Task statement: Lines from the start of the data through the line containing "Filho de Karina" must be given again exactly. Leave the others out.

[Short web captions]
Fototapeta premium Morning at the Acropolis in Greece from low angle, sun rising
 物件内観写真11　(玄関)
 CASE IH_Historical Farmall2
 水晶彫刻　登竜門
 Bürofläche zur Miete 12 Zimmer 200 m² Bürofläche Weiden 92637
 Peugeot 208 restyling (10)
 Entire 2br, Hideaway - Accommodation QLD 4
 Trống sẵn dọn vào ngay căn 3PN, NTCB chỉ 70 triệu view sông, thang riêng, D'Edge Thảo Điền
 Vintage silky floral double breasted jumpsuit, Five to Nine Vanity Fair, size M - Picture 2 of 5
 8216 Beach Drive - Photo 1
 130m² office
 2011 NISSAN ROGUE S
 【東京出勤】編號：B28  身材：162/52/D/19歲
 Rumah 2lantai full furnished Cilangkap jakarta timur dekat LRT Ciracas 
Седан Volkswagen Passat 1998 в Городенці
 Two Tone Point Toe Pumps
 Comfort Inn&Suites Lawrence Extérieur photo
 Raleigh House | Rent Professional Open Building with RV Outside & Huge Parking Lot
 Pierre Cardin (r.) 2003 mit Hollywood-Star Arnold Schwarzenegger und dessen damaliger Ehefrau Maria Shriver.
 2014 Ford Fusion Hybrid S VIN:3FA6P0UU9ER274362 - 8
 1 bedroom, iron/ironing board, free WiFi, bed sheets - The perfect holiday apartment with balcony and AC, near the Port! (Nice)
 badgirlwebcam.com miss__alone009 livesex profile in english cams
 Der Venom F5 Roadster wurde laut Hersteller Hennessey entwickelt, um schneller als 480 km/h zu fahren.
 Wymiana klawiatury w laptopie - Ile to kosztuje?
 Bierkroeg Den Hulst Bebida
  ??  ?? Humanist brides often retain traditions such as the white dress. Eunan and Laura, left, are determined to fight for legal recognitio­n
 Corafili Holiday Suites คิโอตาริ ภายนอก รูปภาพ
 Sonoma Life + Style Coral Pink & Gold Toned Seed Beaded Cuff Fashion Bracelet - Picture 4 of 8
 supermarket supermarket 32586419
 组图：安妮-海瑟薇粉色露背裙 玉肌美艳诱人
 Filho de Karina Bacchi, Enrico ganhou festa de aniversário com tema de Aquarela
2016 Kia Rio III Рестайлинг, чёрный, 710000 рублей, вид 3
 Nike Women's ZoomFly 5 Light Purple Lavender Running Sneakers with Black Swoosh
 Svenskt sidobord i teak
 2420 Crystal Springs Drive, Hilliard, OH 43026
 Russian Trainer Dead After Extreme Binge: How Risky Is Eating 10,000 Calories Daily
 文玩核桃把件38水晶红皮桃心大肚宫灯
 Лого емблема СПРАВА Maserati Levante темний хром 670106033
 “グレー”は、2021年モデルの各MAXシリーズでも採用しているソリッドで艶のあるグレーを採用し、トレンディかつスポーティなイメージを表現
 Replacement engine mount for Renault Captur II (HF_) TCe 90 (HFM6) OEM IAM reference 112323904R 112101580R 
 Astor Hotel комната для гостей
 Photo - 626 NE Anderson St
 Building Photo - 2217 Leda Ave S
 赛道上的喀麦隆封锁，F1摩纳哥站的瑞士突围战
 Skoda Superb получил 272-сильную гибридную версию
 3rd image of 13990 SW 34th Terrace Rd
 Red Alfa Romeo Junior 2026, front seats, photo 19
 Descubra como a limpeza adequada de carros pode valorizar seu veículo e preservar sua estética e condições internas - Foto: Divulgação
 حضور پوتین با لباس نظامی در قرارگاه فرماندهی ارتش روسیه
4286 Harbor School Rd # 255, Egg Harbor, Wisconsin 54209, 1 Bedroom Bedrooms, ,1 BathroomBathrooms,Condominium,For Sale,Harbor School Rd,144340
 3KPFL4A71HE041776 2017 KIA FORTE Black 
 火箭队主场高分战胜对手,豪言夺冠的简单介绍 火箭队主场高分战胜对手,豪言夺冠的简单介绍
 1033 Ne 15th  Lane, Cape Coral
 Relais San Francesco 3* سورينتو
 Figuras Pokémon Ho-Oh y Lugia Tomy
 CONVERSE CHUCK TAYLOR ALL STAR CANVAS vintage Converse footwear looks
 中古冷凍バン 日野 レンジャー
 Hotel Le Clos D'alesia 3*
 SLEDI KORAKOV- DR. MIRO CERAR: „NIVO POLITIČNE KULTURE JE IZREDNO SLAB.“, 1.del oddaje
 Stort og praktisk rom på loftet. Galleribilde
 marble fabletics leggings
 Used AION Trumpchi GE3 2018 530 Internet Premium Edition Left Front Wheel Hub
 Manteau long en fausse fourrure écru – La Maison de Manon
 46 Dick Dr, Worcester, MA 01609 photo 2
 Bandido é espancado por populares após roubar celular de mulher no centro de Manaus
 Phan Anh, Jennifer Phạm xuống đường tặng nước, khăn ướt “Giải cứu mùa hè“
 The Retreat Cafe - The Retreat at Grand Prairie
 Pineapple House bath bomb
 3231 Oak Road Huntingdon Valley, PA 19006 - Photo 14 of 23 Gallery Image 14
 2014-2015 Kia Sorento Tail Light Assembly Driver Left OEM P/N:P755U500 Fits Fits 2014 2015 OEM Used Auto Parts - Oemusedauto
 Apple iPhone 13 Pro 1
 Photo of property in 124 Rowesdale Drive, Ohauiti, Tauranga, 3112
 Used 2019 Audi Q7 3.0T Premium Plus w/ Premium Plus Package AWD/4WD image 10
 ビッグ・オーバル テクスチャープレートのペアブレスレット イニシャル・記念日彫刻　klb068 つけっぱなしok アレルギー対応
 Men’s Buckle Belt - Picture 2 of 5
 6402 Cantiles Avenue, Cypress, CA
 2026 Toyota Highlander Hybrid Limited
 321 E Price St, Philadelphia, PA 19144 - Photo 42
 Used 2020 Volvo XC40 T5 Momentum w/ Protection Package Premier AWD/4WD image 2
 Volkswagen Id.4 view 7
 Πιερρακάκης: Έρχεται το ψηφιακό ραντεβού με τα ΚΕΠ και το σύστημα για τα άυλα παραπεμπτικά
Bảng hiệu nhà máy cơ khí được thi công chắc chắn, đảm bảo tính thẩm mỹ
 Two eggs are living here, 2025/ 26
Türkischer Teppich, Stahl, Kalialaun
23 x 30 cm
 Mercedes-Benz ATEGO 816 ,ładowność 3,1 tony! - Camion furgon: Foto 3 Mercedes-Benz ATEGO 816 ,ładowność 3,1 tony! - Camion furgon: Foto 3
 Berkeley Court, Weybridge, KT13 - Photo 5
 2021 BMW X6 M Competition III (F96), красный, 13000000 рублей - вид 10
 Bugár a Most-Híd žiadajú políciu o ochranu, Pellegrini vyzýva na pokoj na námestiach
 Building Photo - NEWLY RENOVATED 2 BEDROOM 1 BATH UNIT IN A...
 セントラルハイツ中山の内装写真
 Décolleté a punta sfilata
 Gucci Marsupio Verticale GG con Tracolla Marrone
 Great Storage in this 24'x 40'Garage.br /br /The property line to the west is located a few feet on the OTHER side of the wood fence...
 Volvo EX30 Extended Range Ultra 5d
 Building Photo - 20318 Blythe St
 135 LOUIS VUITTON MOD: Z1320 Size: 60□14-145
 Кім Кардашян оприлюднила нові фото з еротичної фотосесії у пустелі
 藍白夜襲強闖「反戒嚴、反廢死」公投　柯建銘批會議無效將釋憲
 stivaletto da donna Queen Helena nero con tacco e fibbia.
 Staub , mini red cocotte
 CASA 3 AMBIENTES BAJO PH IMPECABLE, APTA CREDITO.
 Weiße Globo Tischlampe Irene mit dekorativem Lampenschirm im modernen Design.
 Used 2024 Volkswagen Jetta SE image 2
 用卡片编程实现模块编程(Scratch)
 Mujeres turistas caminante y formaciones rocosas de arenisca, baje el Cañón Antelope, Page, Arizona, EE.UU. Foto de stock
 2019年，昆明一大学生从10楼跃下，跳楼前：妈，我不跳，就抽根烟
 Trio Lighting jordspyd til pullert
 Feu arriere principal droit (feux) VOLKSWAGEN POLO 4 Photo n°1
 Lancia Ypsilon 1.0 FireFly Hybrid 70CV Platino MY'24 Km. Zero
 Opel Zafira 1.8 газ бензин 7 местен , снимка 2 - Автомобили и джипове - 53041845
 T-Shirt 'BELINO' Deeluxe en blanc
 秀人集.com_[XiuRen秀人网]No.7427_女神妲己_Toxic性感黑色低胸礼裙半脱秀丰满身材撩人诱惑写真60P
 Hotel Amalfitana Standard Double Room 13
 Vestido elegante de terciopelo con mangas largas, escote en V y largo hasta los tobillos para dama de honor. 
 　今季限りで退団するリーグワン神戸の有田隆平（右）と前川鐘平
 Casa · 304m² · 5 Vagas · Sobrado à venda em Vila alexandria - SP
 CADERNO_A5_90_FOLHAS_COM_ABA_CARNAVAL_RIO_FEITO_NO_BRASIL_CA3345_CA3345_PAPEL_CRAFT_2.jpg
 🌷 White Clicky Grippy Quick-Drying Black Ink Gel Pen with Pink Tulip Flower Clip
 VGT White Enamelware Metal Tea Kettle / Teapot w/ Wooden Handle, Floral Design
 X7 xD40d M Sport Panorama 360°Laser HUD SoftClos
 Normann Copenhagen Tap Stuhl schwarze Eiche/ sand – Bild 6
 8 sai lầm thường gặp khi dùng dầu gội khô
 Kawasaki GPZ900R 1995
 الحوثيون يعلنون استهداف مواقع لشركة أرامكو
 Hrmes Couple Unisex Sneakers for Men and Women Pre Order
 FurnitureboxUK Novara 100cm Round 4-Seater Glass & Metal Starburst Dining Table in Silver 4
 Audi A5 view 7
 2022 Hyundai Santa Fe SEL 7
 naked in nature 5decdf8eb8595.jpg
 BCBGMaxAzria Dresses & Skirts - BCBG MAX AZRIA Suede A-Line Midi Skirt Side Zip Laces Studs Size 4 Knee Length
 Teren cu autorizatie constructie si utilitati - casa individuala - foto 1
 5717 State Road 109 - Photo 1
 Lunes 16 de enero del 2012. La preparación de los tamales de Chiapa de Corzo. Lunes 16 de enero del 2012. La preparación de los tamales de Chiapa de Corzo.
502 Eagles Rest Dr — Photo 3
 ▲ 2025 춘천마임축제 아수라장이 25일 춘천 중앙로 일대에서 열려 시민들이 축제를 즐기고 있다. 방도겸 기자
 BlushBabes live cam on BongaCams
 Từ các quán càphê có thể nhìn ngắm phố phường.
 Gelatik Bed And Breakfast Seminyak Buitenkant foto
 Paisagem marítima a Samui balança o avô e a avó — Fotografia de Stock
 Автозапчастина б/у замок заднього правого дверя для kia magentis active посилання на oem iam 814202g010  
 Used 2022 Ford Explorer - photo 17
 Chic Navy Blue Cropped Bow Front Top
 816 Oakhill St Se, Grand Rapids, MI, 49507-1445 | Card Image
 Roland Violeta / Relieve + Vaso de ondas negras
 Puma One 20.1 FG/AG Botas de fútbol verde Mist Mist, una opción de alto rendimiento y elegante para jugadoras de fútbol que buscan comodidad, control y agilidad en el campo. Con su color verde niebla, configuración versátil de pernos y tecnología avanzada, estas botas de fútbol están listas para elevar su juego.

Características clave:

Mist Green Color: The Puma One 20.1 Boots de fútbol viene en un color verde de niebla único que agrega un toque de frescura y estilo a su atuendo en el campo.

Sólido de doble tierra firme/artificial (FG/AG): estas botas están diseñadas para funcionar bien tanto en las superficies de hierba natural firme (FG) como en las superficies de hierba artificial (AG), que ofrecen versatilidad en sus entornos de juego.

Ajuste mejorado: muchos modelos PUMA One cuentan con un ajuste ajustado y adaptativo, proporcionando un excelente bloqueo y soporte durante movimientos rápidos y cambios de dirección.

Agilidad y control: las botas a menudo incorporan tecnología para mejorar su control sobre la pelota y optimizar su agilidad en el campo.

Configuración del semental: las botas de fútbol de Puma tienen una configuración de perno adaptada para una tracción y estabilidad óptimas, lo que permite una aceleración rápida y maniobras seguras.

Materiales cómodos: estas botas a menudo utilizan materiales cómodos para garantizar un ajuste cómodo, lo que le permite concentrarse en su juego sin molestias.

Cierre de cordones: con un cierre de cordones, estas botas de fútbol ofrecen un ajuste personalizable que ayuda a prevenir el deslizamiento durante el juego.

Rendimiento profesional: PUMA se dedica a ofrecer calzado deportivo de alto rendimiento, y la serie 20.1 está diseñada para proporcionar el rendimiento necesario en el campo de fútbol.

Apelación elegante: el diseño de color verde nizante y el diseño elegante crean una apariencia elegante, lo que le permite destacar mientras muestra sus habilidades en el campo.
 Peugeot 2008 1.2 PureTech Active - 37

Answer section:
Fototapeta premium Morning at the Acropolis in Greece from low angle, sun rising
 物件内観写真11　(玄関)
 CASE IH_Historical Farmall2
 水晶彫刻　登竜門
 Bürofläche zur Miete 12 Zimmer 200 m² Bürofläche Weiden 92637
 Peugeot 208 restyling (10)
 Entire 2br, Hideaway - Accommodation QLD 4
 Trống sẵn dọn vào ngay căn 3PN, NTCB chỉ 70 triệu view sông, thang riêng, D'Edge Thảo Điền
 Vintage silky floral double breasted jumpsuit, Five to Nine Vanity Fair, size M - Picture 2 of 5
 8216 Beach Drive - Photo 1
 130m² office
 2011 NISSAN ROGUE S
 【東京出勤】編號：B28  身材：162/52/D/19歲
 Rumah 2lantai full furnished Cilangkap jakarta timur dekat LRT Ciracas 
Седан Volkswagen Passat 1998 в Городенці
 Two Tone Point Toe Pumps
 Comfort Inn&Suites Lawrence Extérieur photo
 Raleigh House | Rent Professional Open Building with RV Outside & Huge Parking Lot
 Pierre Cardin (r.) 2003 mit Hollywood-Star Arnold Schwarzenegger und dessen damaliger Ehefrau Maria Shriver.
 2014 Ford Fusion Hybrid S VIN:3FA6P0UU9ER274362 - 8
 1 bedroom, iron/ironing board, free WiFi, bed sheets - The perfect holiday apartment with balcony and AC, near the Port! (Nice)
 badgirlwebcam.com miss__alone009 livesex profile in english cams
 Der Venom F5 Roadster wurde laut Hersteller Hennessey entwickelt, um schneller als 480 km/h zu fahren.
 Wymiana klawiatury w laptopie - Ile to kosztuje?
 Bierkroeg Den Hulst Bebida
  ??  ?? Humanist brides often retain traditions such as the white dress. Eunan and Laura, left, are determined to fight for legal recognitio­n
 Corafili Holiday Suites คิโอตาริ ภายนอก รูปภาพ
 Sonoma Life + Style Coral Pink & Gold Toned Seed Beaded Cuff Fashion Bracelet - Picture 4 of 8
 supermarket supermarket 32586419
 组图：安妮-海瑟薇粉色露背裙 玉肌美艳诱人
 Filho de Karina Bacchi, Enrico ganhou festa de aniversário com tema de Aquarela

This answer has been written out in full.